Mark Baker points in todays link collection to an article by Nick Gall on the question if URLs need necessarily global scope. (What a sentence!)

Let's try again: are URLs the same for everyone? Stu Weibel asks the question, Nick Gall elaborates and Mark Baker agrees: they don't have to.

All those are really smart people. Which means I am probably wrong with my gut feeling. So, let's toss the idea around a bit and see what comes out of it.

Location dependant representations sound absurd at first glance since we are used to talk about urls like http://www.w3.org/TR/2006/REC-xml-20060816 and definitely, positively like the fact that it is the same for everyone. What happens when we give up that assumption in regard to URLs? I don't mean that a single web app somewhere in Absurdistan does it, but what if a good chunk of the web uses them like that? If it becomes an architectural style?

Somehow I am reminded of the tower of babel story. It starts with: Now the entire earth was of one language and uniform words. And further: And The LORD said, "Lo! [they are] one people, and they all have one language, and this is what they have commenced to do.

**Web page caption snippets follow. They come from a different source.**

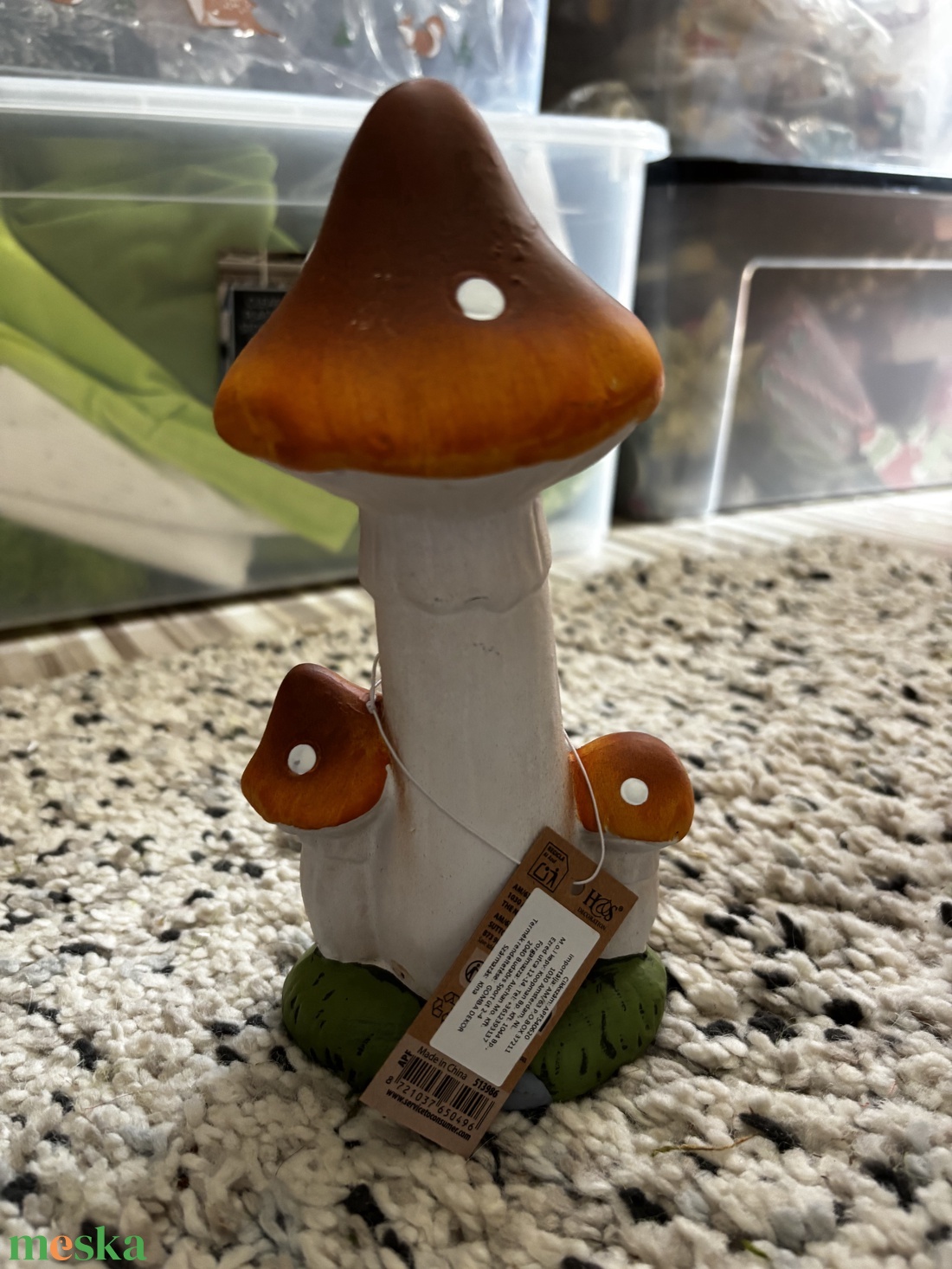 Gomba dekoráció. 20 cm   - kellékek & szerszámok - ásvány alapanyag - ásvány figura - Meska.hu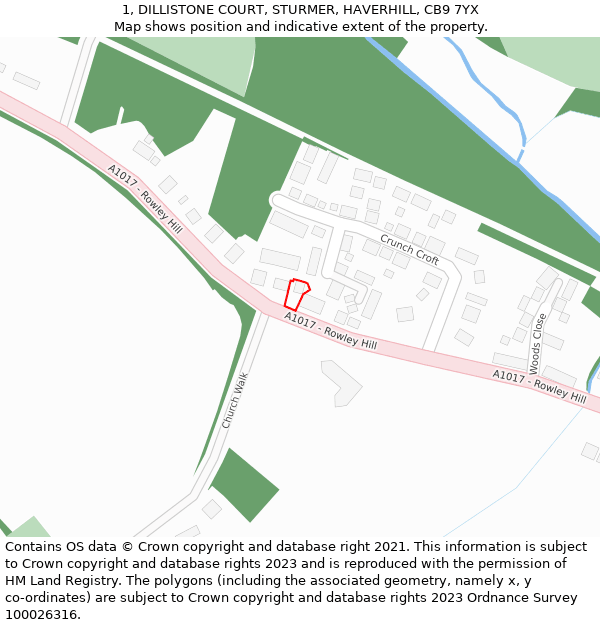 1, DILLISTONE COURT, STURMER, HAVERHILL, CB9 7YX: Location map and indicative extent of plot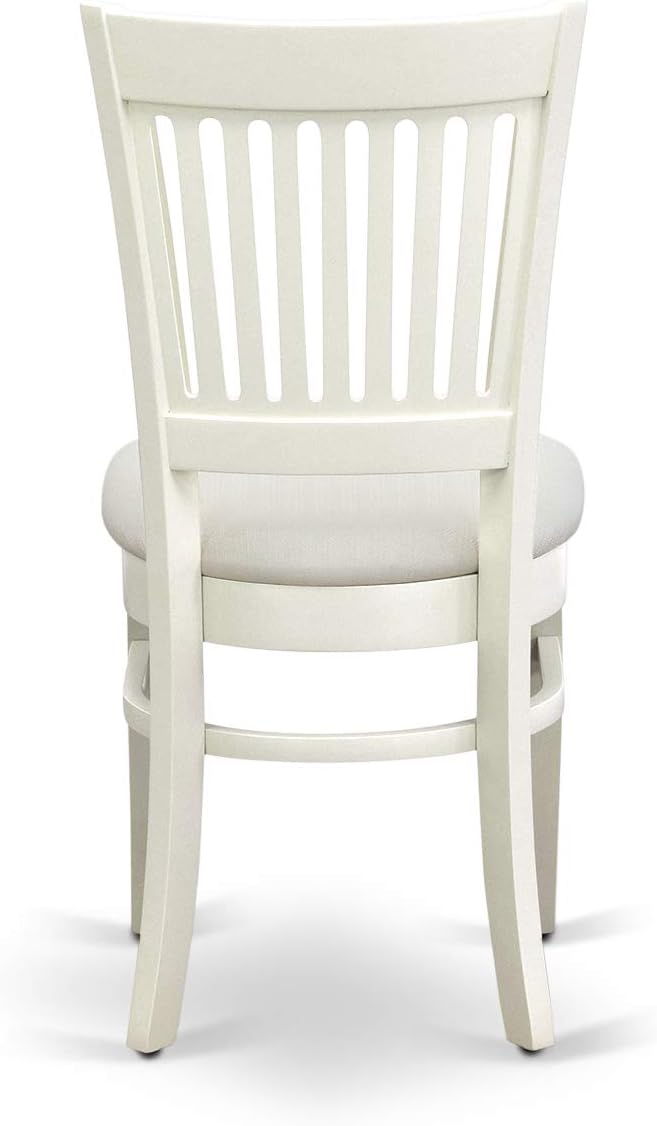 East West Furniture ANVA3-LWH-C 3 Piece Dining Table Set for Small Spaces Contains a Round Kitchen Table with Pedestal and 2 Linen Fabric Kitchen Dining Chairs, 36x36 Inch, Linen White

Now, will it not be withheld from them, all that they have planned to do? 7 Come, let us descend and confuse their language, so that one will not understand the language of his companion".

Myself being an agnostic, I do not draw truth from bible citations. But the author of that babel story did clearly see the potential of a universal language. So, if URLs lose their global scope, the language of the web becomes a soft-of context-sensitive one. And would that be bad?

Well, for one, it would be tricky for crawlers for sure. Depending on where the crawler is located in relation to the user doing the query later on, the result may make sense or not. That does not sound very attractive.

On the other hand, context-sensitive URLs are there. The interesting flickr photos from the last seven days is an obvious example. And it is a damn useful URL indeed.

Or take google. The query for url has its own url, http://www.google.com/search?q=url, and we surely would be disappointed if it always gave the same result. Instead we expect it to list the best resources about url at the time we call it. That is what google does after all.

So, the discussion boils down to the question if URLs should be sensitive about anything else besides time. Or, to narrow it down: if it's a good idea to make them sensitive about location. I don't know. I am certain however, that the opposite, namely only context-free URLs, would make a very boring web.